*Work to be completed*
Retype each line of the material exactly, please, skipping any picture in it.

*Source data*
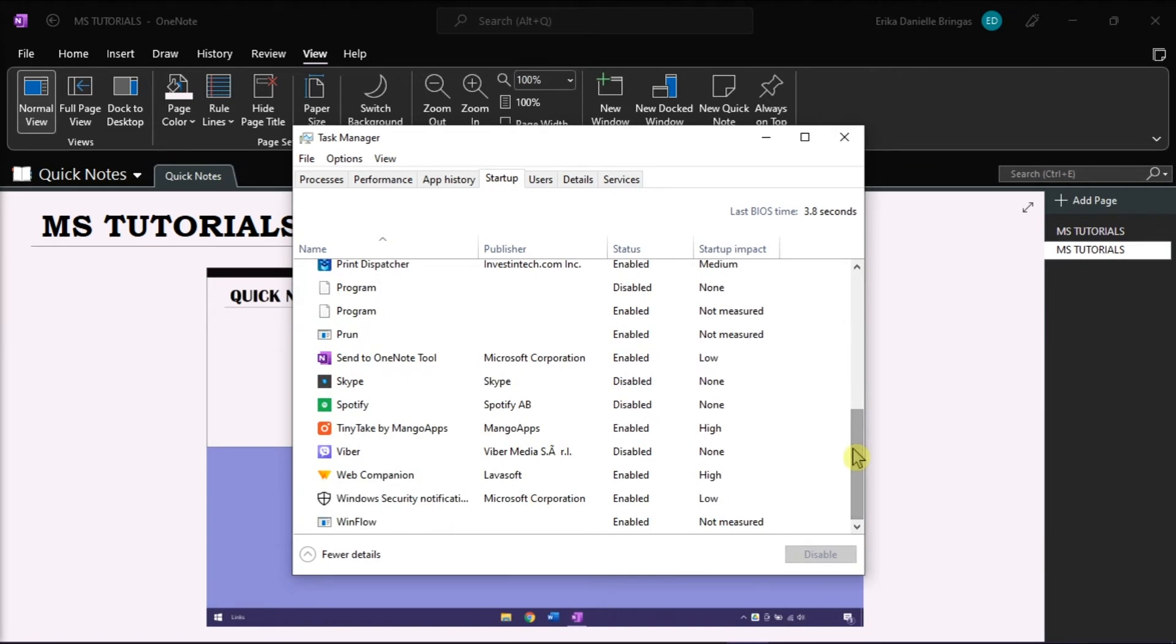Once you have located it, select it, and then click the Disable option at the bottom.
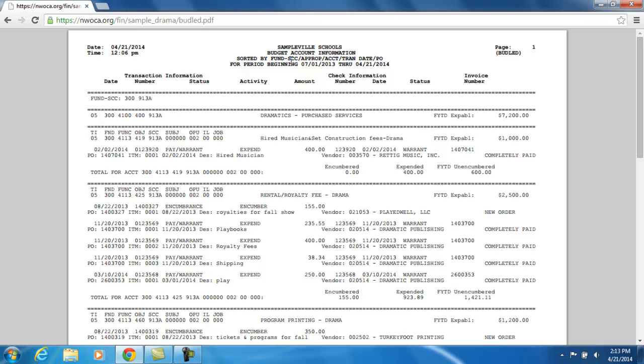Then you notice the date range for this report. This is dependent on how the fiscal office is going to run the BudLed for you. They may include just transactions for the current month, or they may include transactions since the beginning of the fiscal year. In our case here, it's from the beginning of the fiscal year, from July 1st through the current date.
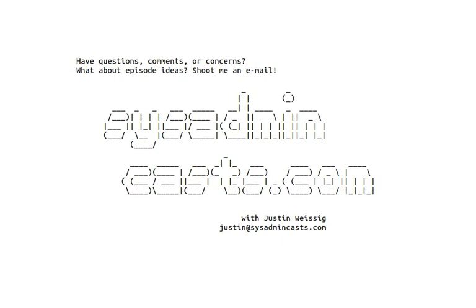Have questions, comments, or concerns about this episode? What about episode ideas? I'd love to hear your feedback, either good or bad. Shoot me an email, justin@sysadmincasts.com.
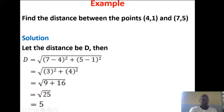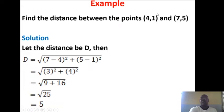Example: find the distance between the points (4, 1) and (7, 5). Solution — let the distance be D. Quoting from the formula: D = √[(X2 − X1)² + (Y2 − Y1)²]. X2 is 7, X1 is 4, so 7 − 4 = 3, squared. Y2 is 5, Y1 is 1, so 5 − 1 = 4, squared. We get √(3² + 4²) = √(9 + 16) = √25 = 5. The distance between the two points is 5 units.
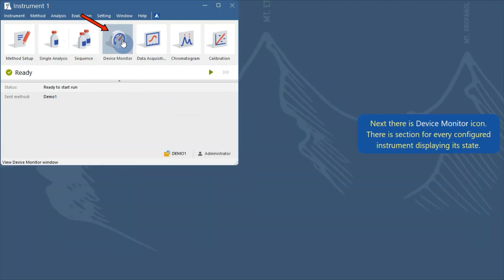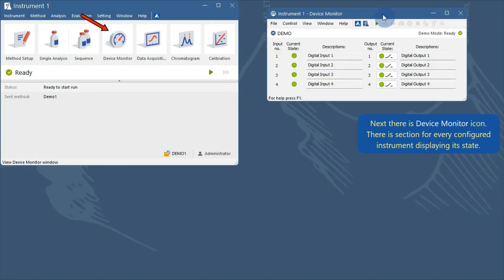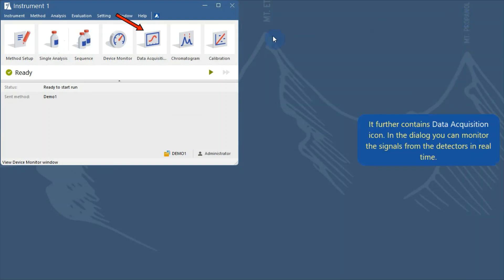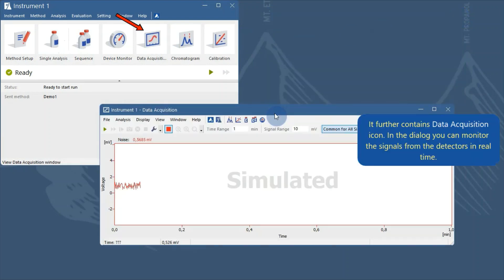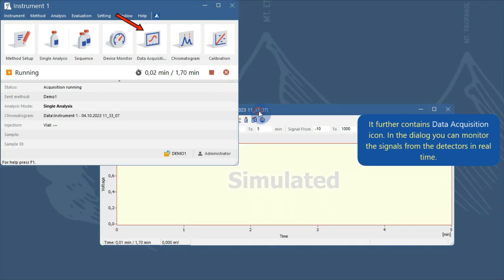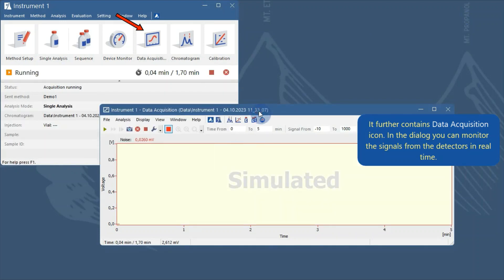Next there is the device monitor icon. There is a section for every configured instrument displaying its state. It further contains a data acquisition icon, where in the dialog you can monitor the signals from the detectors in real time.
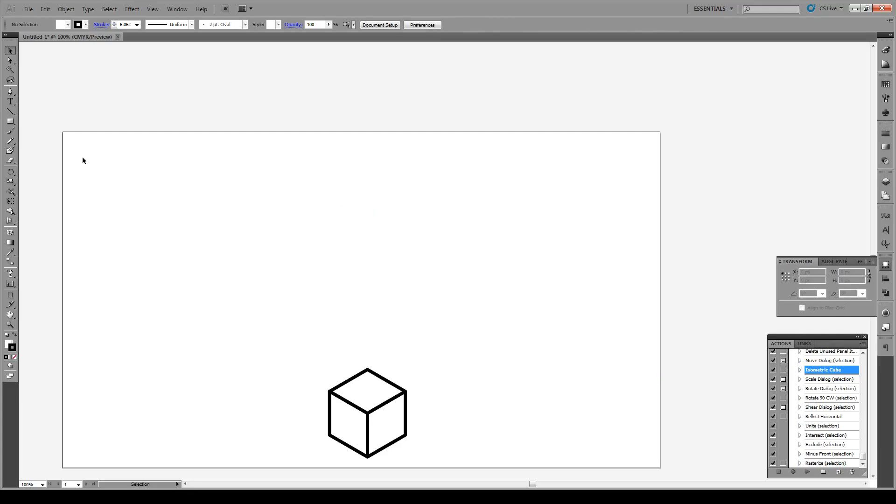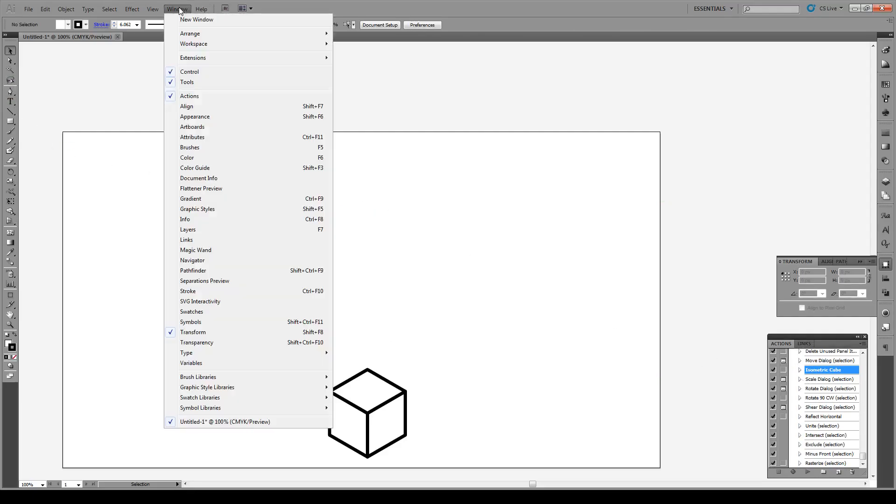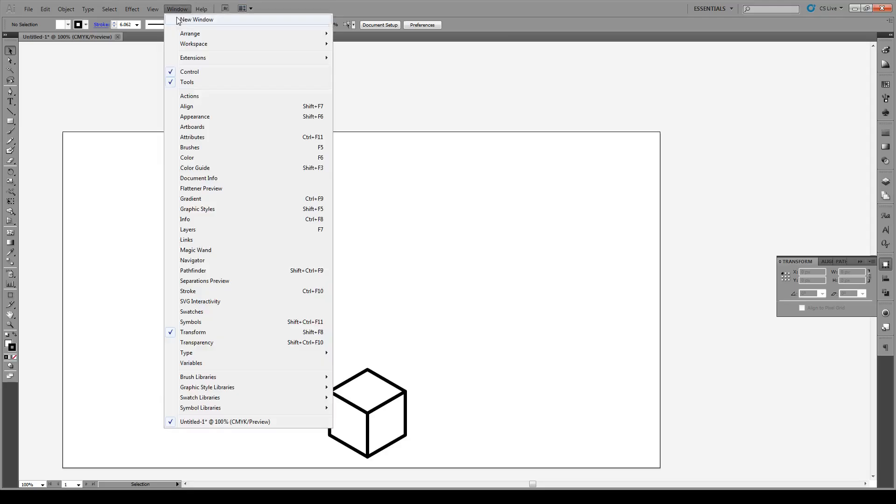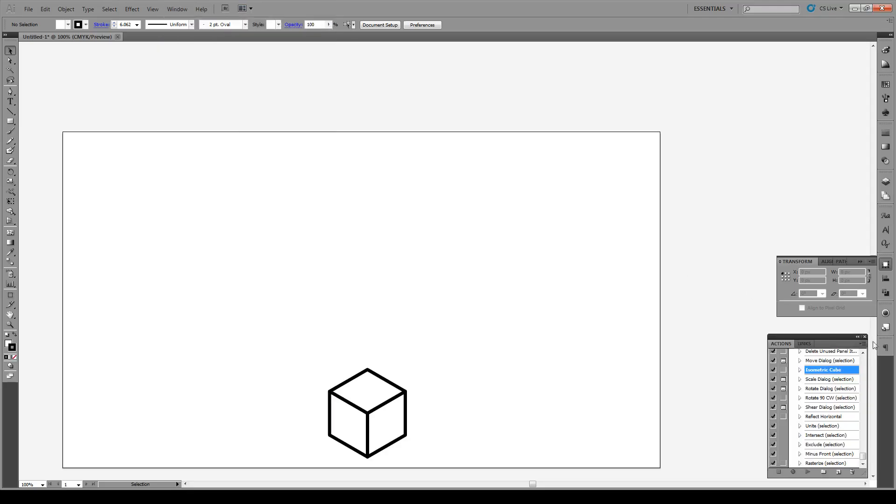All right, so first what we're going to do is go to Window and turn on Actions right here and you'll get the dialogue like this.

*Solution to this task*
Once you have located it, select it, and then click the Disable option at the bottom.
Then you notice the date range for this report. This is dependent on how the fiscal office is going to run the BudLed for you. They may include just transactions for the current month, or they may include transactions since the beginning of the fiscal year. In our case here, it's from the beginning of the fiscal year, from July 1st through the current date.
Have questions, comments, or concerns about this episode? What about episode ideas? I'd love to hear your feedback, either good or bad. Shoot me an email, justin@sysadmincasts.com.
Example: find the distance between the points (4, 1) and (7, 5). Solution — let the distance be D. Quoting from the formula: D = √[(X2 − X1)² + (Y2 − Y1)²]. X2 is 7, X1 is 4, so 7 − 4 = 3, squared. Y2 is 5, Y1 is 1, so 5 − 1 = 4, squared. We get √(3² + 4²) = √(9 + 16) = √25 = 5. The distance between the two points is 5 units.
Next there is the device monitor icon. There is a section for every configured instrument displaying its state. It further contains a data acquisition icon, where in the dialog you can monitor the signals from the detectors in real time.
All right, so first what we're going to do is go to Window and turn on Actions right here and you'll get the dialogue like this.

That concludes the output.